Justice initiatives reduce youth court appearances to zero in Patuanak

By Bryan Eneas
May 17, 2018 - 8:00am

A community justice coordinator for the English River First Nation in Patuanak, some 400 kilometers North of Prince Albert, has set out to mak youth in her community aware of the justice system, and she brought about an interesting result.

Janine Dawatsare was a presenter at the Northern Justice Symposium on May 16. She told the crowd gathered at Plaza 88 how she went about helping to improve her community with a Law Day.

She said a lot of youth in the community were unaware of protocol or etiquette when it comes to appearing in court.

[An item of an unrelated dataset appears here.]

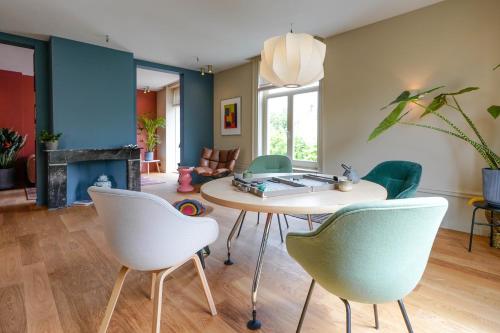 ein Wohnzimmer mit einem Tisch und Stühlen in der Unterkunft La Paulowna Boutique Hotel in Den Haag
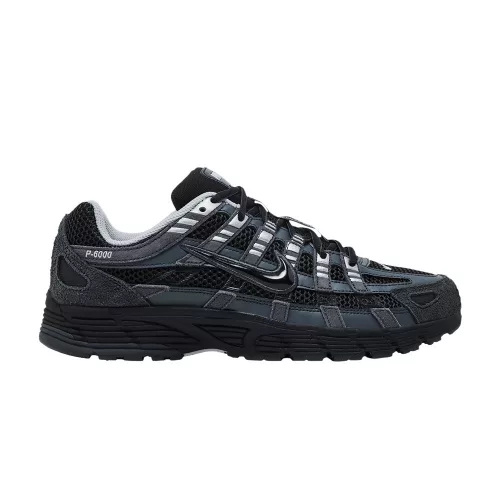 Nike P-6000 Suede Anthracite Metallic Silver nízke streetové tenisky tmavosivé-strieborné — produktová fotografia na bielom pozadí, bočný pohľad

She hosted the law day event in the community, in the hopes of giving them an education.

“[The youth] seemed pretty interested… since I did that presentation we haven’t had any youth on the docket in the last three or four months,” Dawatsare said. “I believe it helped a bit somewhere."

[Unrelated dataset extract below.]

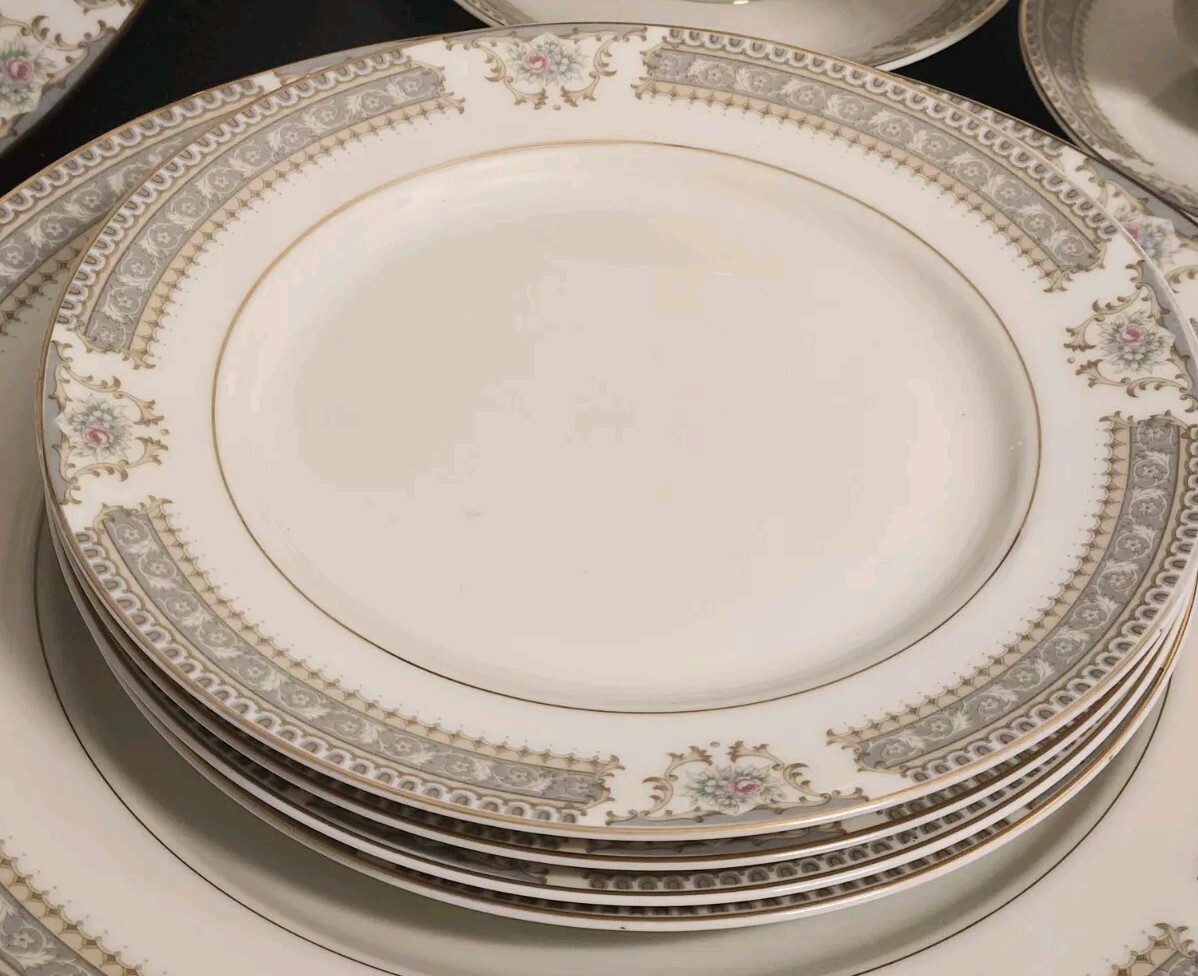 Set of Mikasa Ivory China Richelieu M2002 Salad Plates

As part of the legal day, Dawatsare organized a mock trial. She wanted the case to reflect property crimes which are a common problem in the community.

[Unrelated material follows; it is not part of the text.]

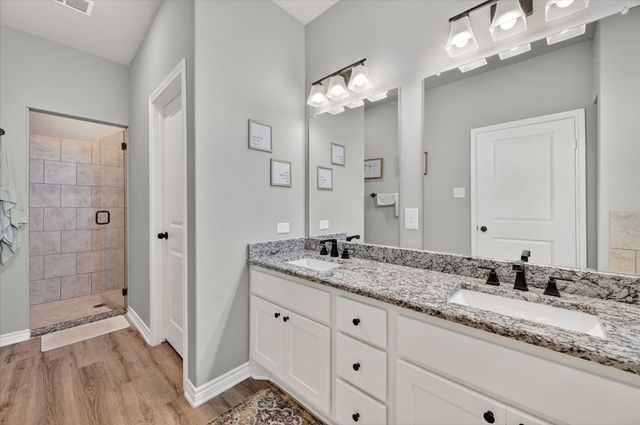 5130 Hillside Loop N, Justin, TX 76247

She took to the Internet and found a scripted mock trial, which saw Alice from Alice in Wonderland take to the stand after she was accused of stealing cookies. Students took roles, and others observed as the judge, who was played by a local RCMP officer, eventually found Alice guilty according to Dawatsare.

Dawatsare said she followed the mock trial with a presentation, and students toured the local RCMP detachment to conclude their law day. She has since set up a social media page, where she can share information and news articles about the justice system along with the odd inspirational status update.

The justice coordinator said since the legal day, youth have approached her with a variety of questions about the justice system, something she isn’t surprised about.

“They needed it right. I figured they needed some kind of role model or someone to go to with questions about justice,” Dawatsare said.